It's doubtful that even the most voracious downloader of MP3s would ever need a petabyte -- a million gigabytes -- worth of disk space to house their collection.
But some people do have really serious storage requirements, and a mere petabyte worth of storage doesn't even begin to meet their needs.
IBM's new data storage system, codenamed Storage Tank, is designed for the most voracious data warehouser. Storage Tank uses software to link servers in multiple locations over an IP network, creating a sort of mega-server capable of connecting thousands of computers and processing multiple petabytes of data.
Storage Tank also makes a distributed storage network look and behave just like a local network. No matter where or on what operating system any piece of stored data might reside, it can be located quickly and used by anyone else on the network.
"Storage Tank has the potential to become to an organization's data what the Dewey Decimal system is to a library," said Dan Colby, general manager of storage systems at IBM. "It reinvents the way information is filed, managed, shared and accessed within an organization."

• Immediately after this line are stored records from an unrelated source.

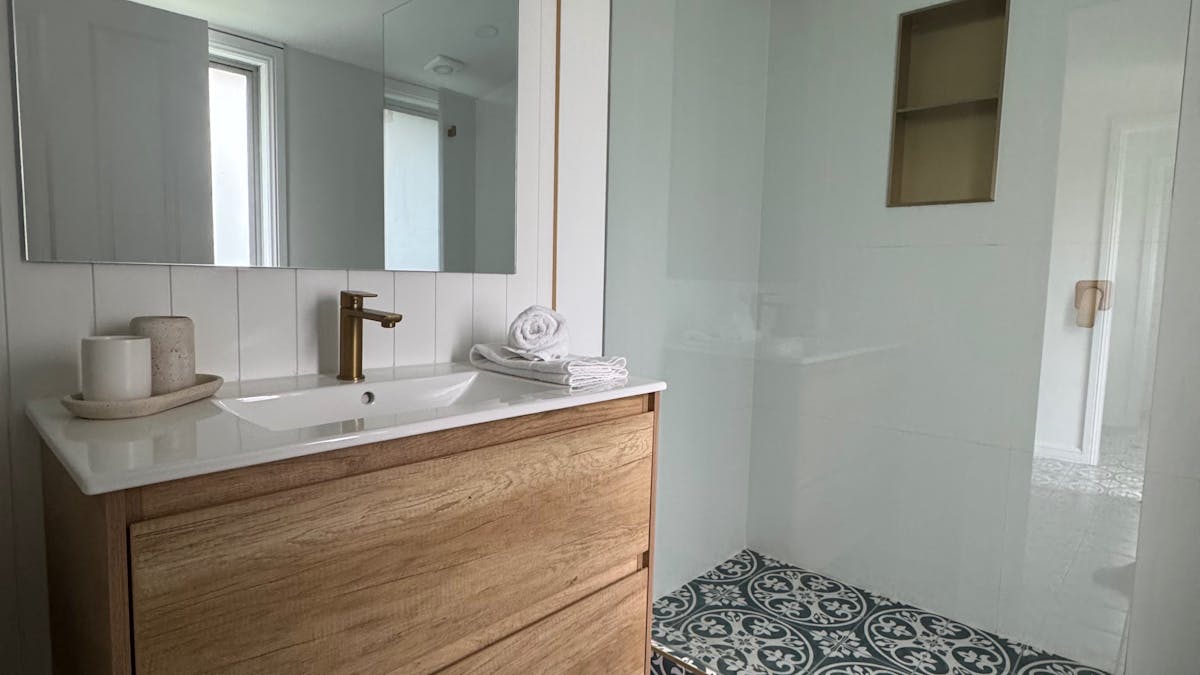Wild Platypus Stay - Bunya Cottage Bathroom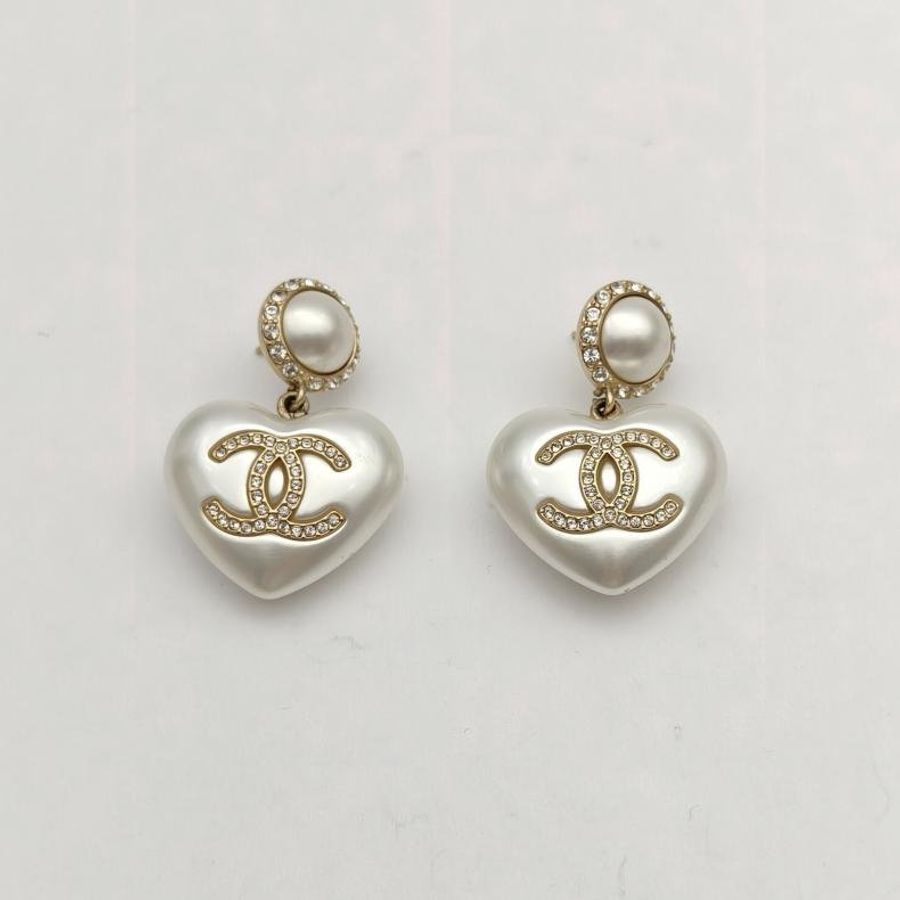 CHANEL 合金水鑽21B愛心吊墜耳環-1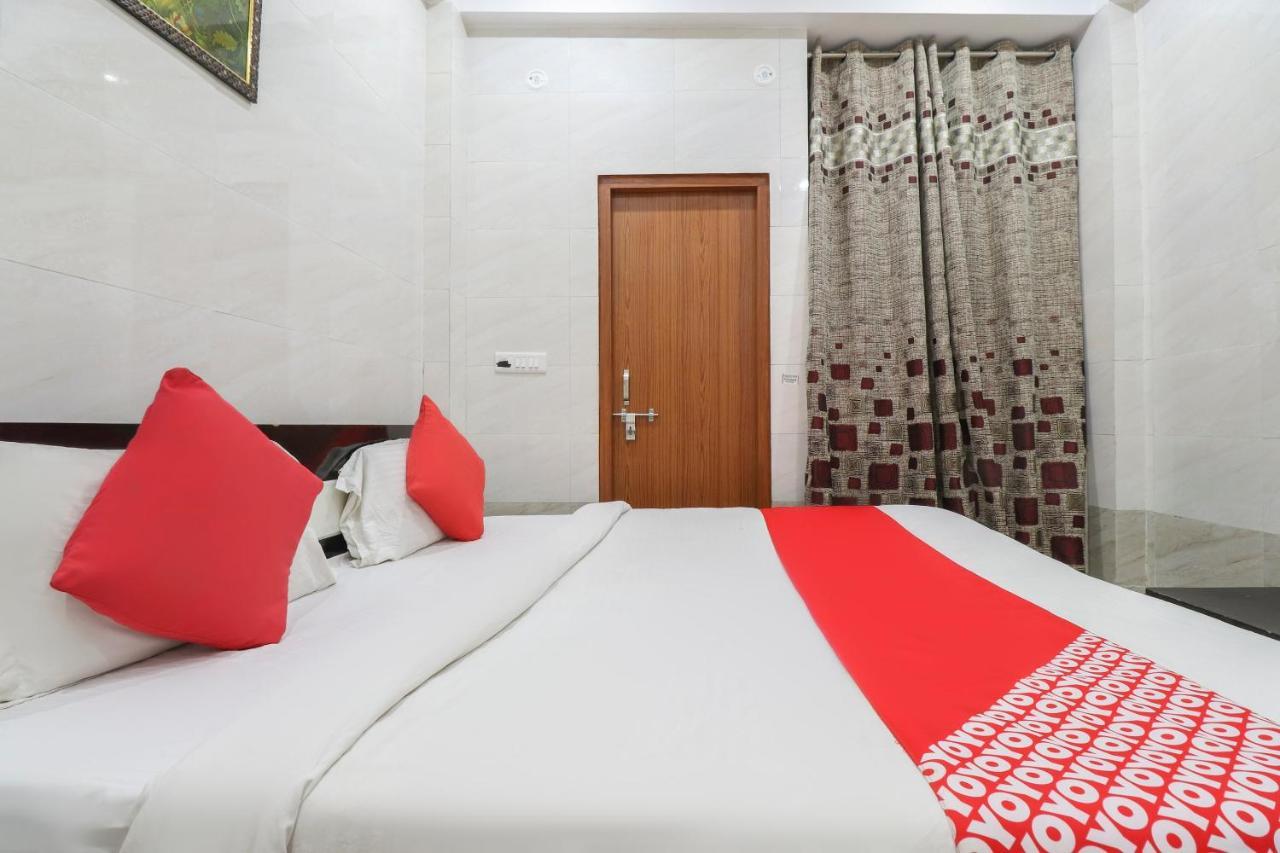 Oyo 69378 Trilok Dham Hotel Vrindávan Kültér fotó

Storage Tank already is at work in beta form. At the European Organization for Nuclear Research, better known as CERN, Storage Tank is being used as part of the world's largest computing grid to help CERN physicists virtually recreate the first moments of the "big bang."

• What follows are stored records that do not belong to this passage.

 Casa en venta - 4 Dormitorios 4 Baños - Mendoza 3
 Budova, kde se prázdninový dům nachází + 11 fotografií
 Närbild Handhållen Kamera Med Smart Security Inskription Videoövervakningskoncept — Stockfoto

By smashing protons together at high energies in a particle accelerator called the Large Hadron Collider, scientists hope to recreate conditions thought to have existed shortly after the big bang occurred.
"The data generated by the experiment is expected to fill the equivalent of more than 20 million CDs a year," said Wolfgang von Rüden, information-technology division leader and head of the CERN open lab. "Some 70,000 computers will be needed to analyze it."

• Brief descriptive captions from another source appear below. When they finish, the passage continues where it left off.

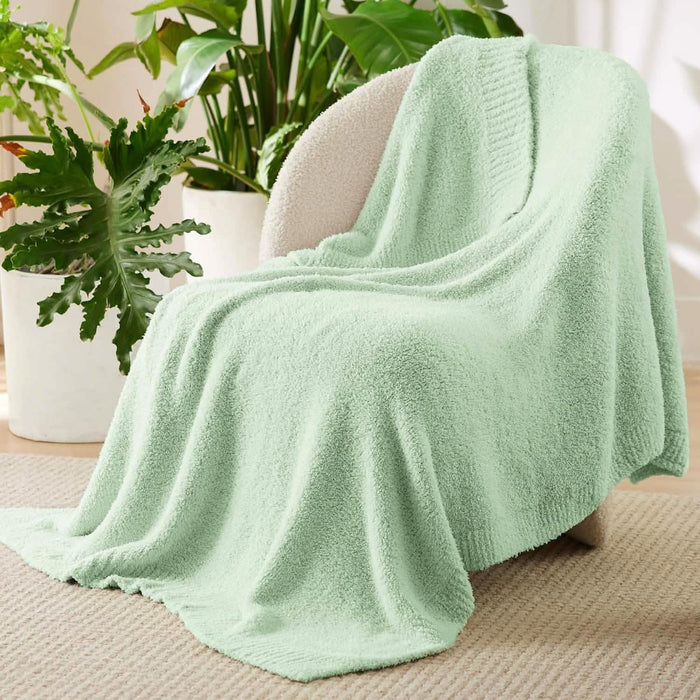 Throw / Green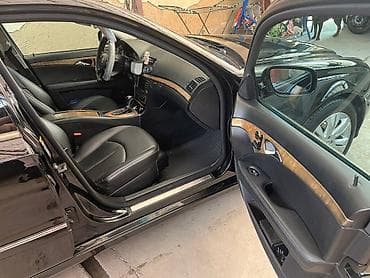 Mercedes-Benz E-Class: 2008 г., 3 л, Автомат, Бензин, Седан — 10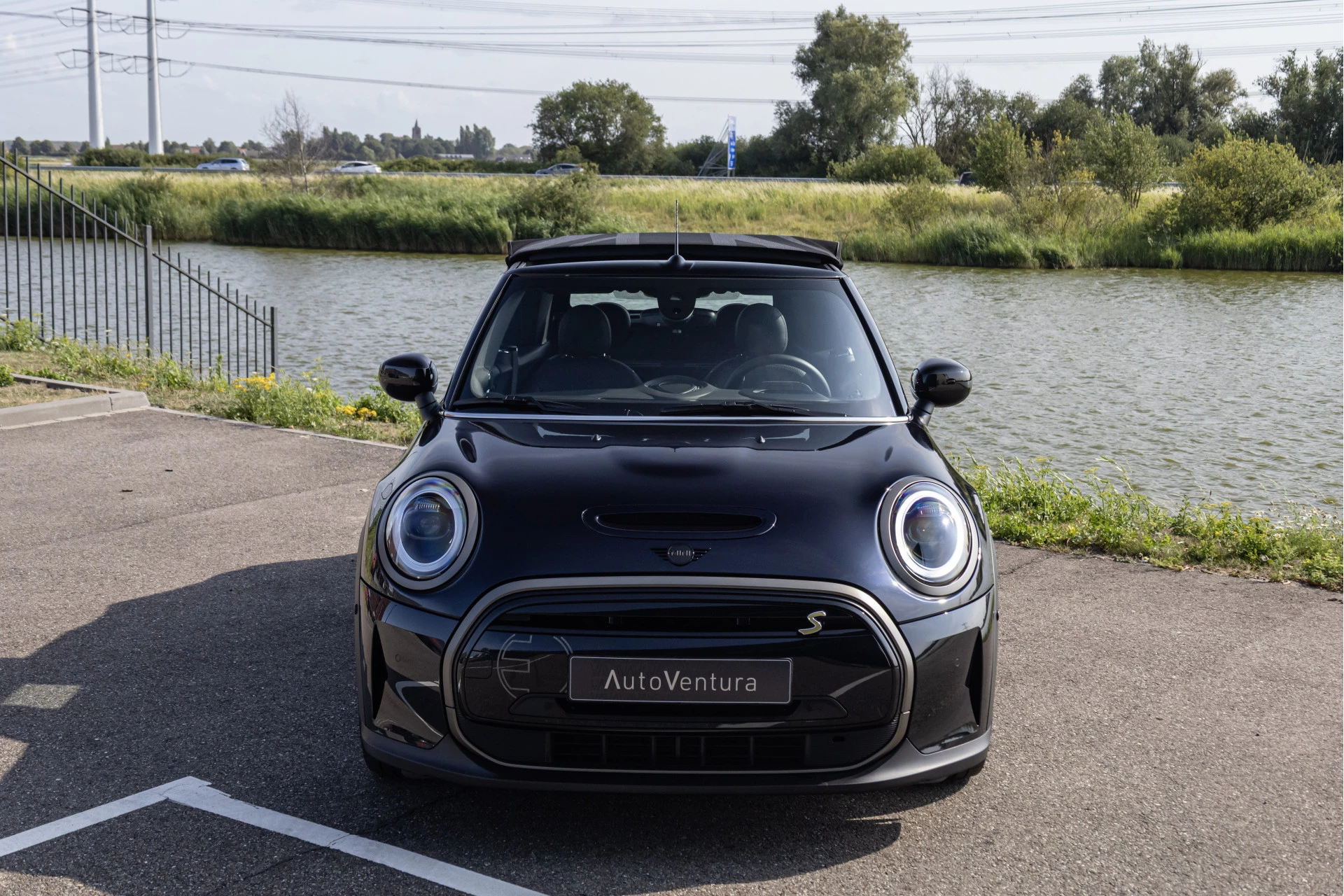 Hoofdafbeelding MINI Cabrio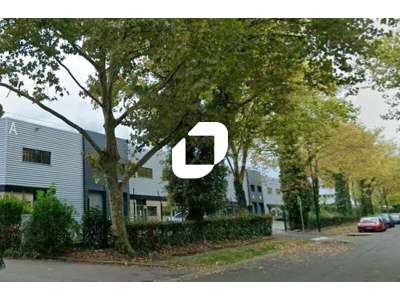 Location Locaux d'activités - Entrepôts à Buc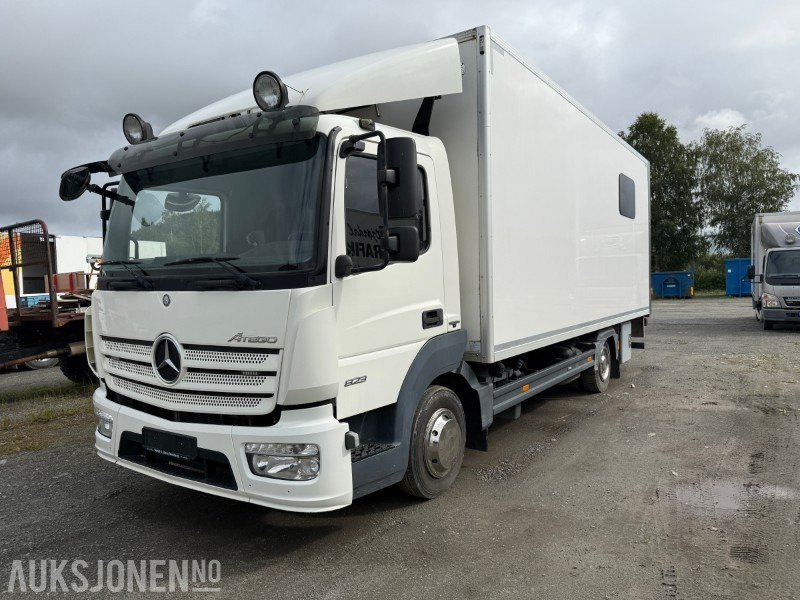 2014 Mercedes-Benz Atego 823L Servicebil - 240 673km - Véhicule de voirie/ Spécial: photos 1 2014 Mercedes-Benz Atego 823L Servicebil - 240 673km - Véhicule de voirie/ Spécial: photos 1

CERN's computing grid can take care of the computing needs. It allows researchers in CERN's Geneva lab to tap into the processing power of hundreds of computers in 12 countries, and is expected to grow its capacity over the next few years.
And Storage Tank will, they hope, allow researchers to house the vast amounts of data generated by the experiment, and work with it. CERN is now testing Storage Tank in what is the first year of a planned three-year collaboration with IBM.
Despite all the spiffy new features offered by Storage Tank, IBM executives know that it's hard to get most people excited over storage systems.
"We knew the potential of SAN File System was huge, but we were unsure of the degree to which customers would fully comprehend this potential," said Jeffrey Barnett, manager of IBM's storage strategy division. "So we worked directly with some of our customers to convey the full potential of this technology."
IBM expects Storage Tank eventually will be able to handle 10 to 20 terabytes of CERN data. By 2007, when the proton smashing is scheduled to commence in earnest, CERN will be generating data at a minimum rate of 5 to 8 petabytes a year.
IBM's Barnett expects that major research facilities such as CERN and industries that generate large amounts of data, like technology equipment manufacturers, will benefit the most from Storage Tank.
Storage Tank can connect as few as 10 computers. Some systems administrators thought the product was intriguing with the potential to help them get the most out of the scattered pockets of storage space on their networks. But the price -- $90,000 for a starter configuration -- provoked groans and laughter.
"Graphics files gobble up a huge amount of storage space, but I could buy a whole lot of servers for $90,000," said Mike O'Keefe, a systems administrator for a Manhattan design firm.
"I guess if you're recreating the birth of the universe, you'd need something like Storage Tank," O'Keefe said. "But all of us regular folks will just have to wait for the designer knockoff adaptation of this technology."